Provost is the owner and head chef at Parigi, a Dallas institution that recently had a party to celebrate its 30th anniversary. She also co-founded Café Momentum, a program that teaches incarcerated young men the skills required to get jobs in high-end restaurants. The group’s fundraising pop-up dinners have received national attention, and Provost has several stories about kids she’s worked with who have changed their lives, taken positions at restaurants, and gone on to college. She talks with great pride, like the matriarch of a young, diverse culinary family.


But there was a time in her life when Provost was selling long-distance phone services. It might seem like a strange career path, from cold-calling to cooking for former presidents, but, having lived it, she says it all makes perfect sense.


That’s what we’re discussing when the server brings our food. Provost wanted to come to Oak because the restaurant had recently started serving lunch, and she’s friends with the executive chef, Brian Zenner. In fact, throughout our conversation, Provost mentions her admiration for at least nine local chefs. 


“The dining community here is a little like a small town,” she says. “Everybody knows everybody.” 


She decides on the Caesar Salad, served with an anchovy relish, and the soup du jour, which turns out to be chicken and barley. Outside, the weather is gray and misty. 


“A perfect soup day,” she says, after savoring a spoonful. She examines the presentation of each dish, the bright greens in the soup, the shape of the croutons in the salad, then carefully considers the tastes and textures in each bite. She’s enthusiastic about food, but in a way that’s accessible both to globetrotters and regular suburbanites.


Provost grew up on what she refers to as a “mini-farm” in Houston.
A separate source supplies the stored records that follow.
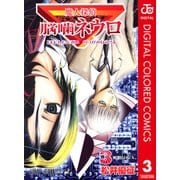 魔人探偵脳噛ネウロ カラー版 3（ジャンプコミックス） [電子書籍]
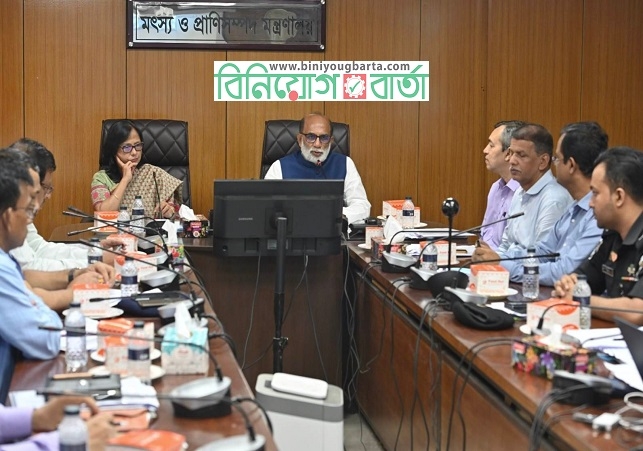 Biniyougbarta | বিনিয়োগবার্তা: ব্যবসা-বাণিজ্য, শিল্প-বিনিয়োগের খবর প্রতিদিন সবসময়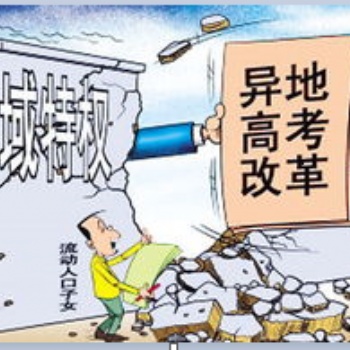 青海省异地高考政策。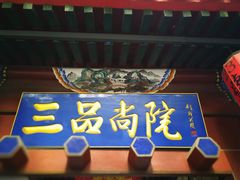 -三品尚院(贝勒府旧址店)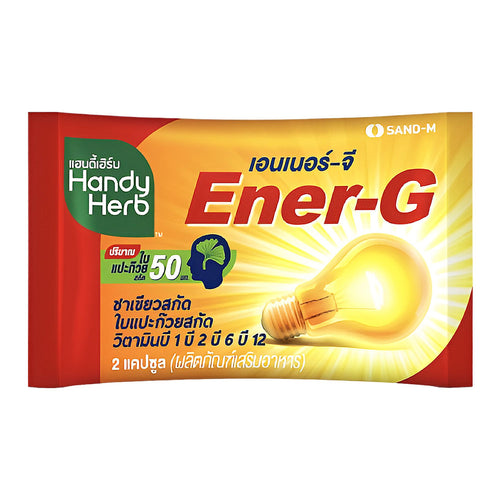 Ener-G Capsule – Green Tea & Ginkgo Extract with B Vitamins - 1 Box (20 Pack - 40 capsule)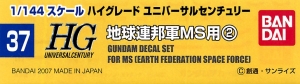 Bandai 037(150678) Gundam Decal for HGUC 1/144 Mobile Suit - Earth Federation Space Force [E.F.S.F. ] (2)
There were ducks and chickens and rabbits and bees for honey. She even had a horse. But she says her mom wasn’t a great cook. She didn’t think much about food preparation until her first boyfriend in high school invited her over one night and made marinated pork chops on the grill, using his mother’s recipe. 


“There was this pride he had in his mother’s cooking,” she says. “That completely changed the way I thought about food.”
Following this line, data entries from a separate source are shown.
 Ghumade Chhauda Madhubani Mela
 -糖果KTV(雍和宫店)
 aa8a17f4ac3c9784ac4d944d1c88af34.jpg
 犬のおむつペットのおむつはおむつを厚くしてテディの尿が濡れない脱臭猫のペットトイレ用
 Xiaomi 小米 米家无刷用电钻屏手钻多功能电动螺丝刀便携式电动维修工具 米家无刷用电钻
Provost was scheduled to be in New York, cooking at the Beard House—an honor often compared to the Oscars. 

Soon, her parents bought a grill and she started experimenting. Both her older brothers love cooking, too. One owned a chicken-fried-steak restaurant in Houston for 20 years. But when she went to college, she majored in merchandising, and when she got out she took a job selling long-distance service. She was good, too, learning how to relate and connect to customers as she worked her way up the corporate ladder. 
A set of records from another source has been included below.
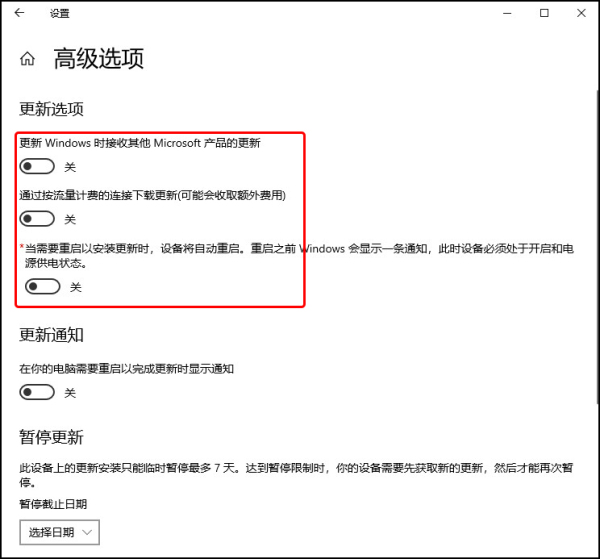 怎样禁用Windows 10系统自动更新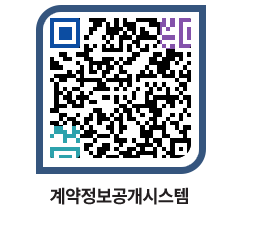 고성군청 용역대금지급 페이지로 이동 QR코드(http://contract.goseong.go.kr/contract/ed1qsd@)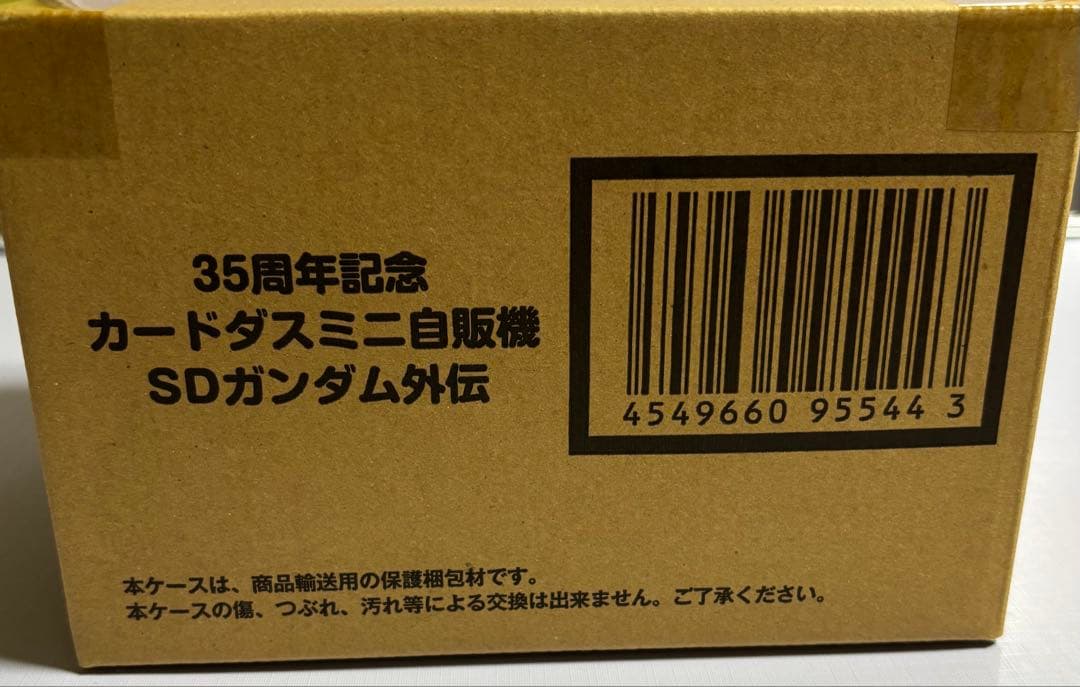 フ*ー様 35周年記念⭐︎カードダスミニ自販機⭐︎SDガンダム外伝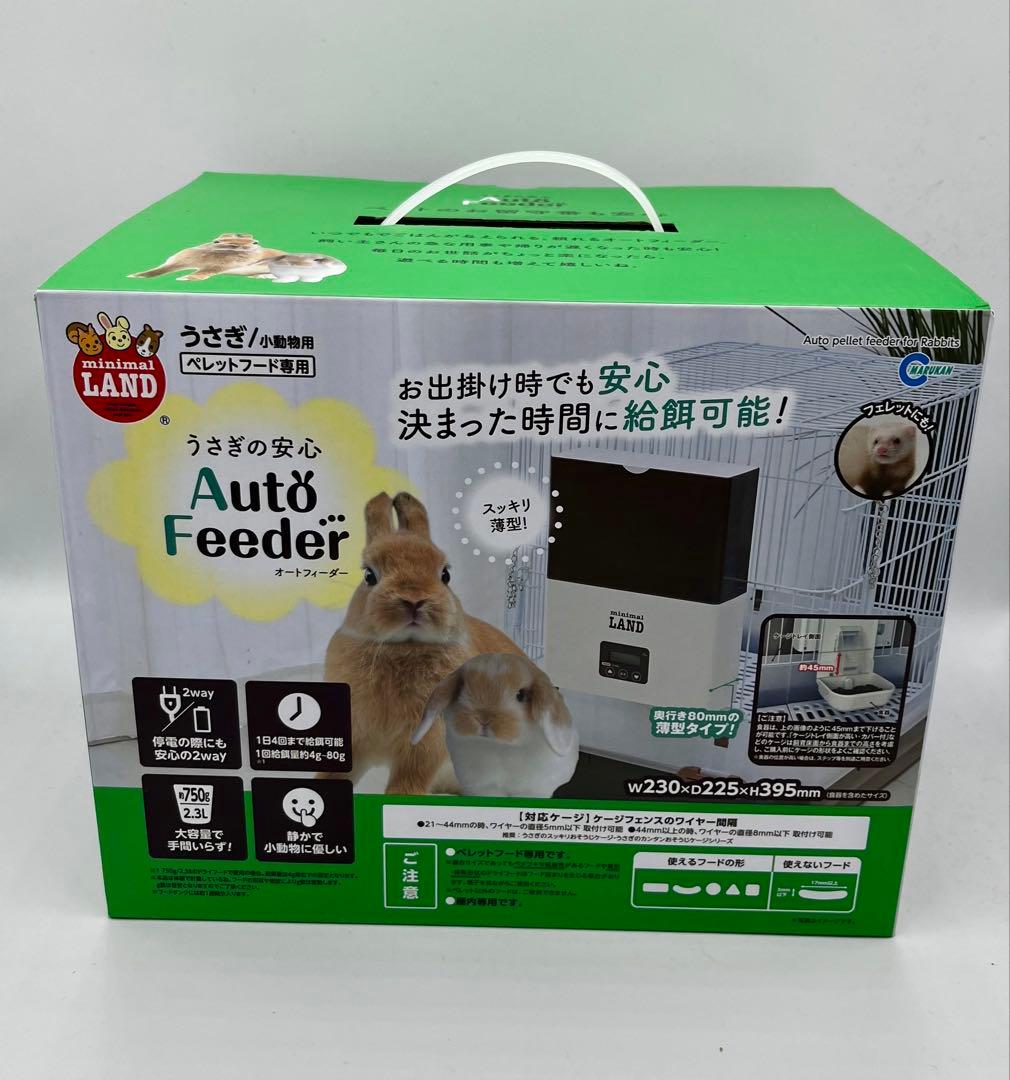 【mokoroko】マルカン うさぎの安心オートフィーダー 自動給餌器 マルカン うさぎの安心オートフィーダー : チャーム charm ヤフー店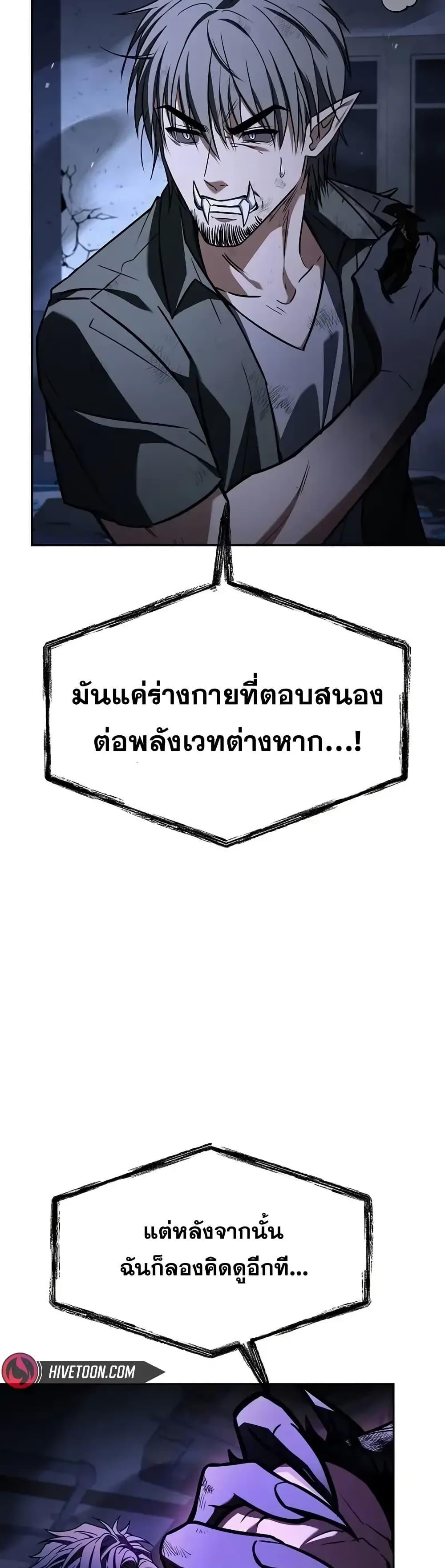 The Constellations Are My Disciples ตอนที่ 121 หน้า 17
Ultimately, she was frustrated by parts of the business she couldn’t control, when clients weren’t getting the service she’d promised. So she quit. She took some classes at El Centro College in Dallas. Soon she was offered a job in a kitchen. Within three years, she was offered the head chef position at Parigi. She knew she wasn’t ready yet, and helped the restaurant hire Abraham Salum. But a year later, she was ready to buy the place. (Salum stayed three more years, in a partnership with Provost, until she took over.)


A few weeks after our meeting, Provost was scheduled to be in New York, cooking at the Beard House—an honor often compared to the Oscars. There she would promote her farm-to-table approach with a team made up entirely of women, a rarity in her industry. And, early next year, she expects Café Momentum to open up its first restaurant.


Diverse groups, and venues, and menus. As long as she can plan, she’ll be calm. Besides, she says, it all comes back to the same ideas. She wants her food to facilitate a great experience, to contribute to people having a good time.


“In the end,” she says, “I just want to make people comfortable.”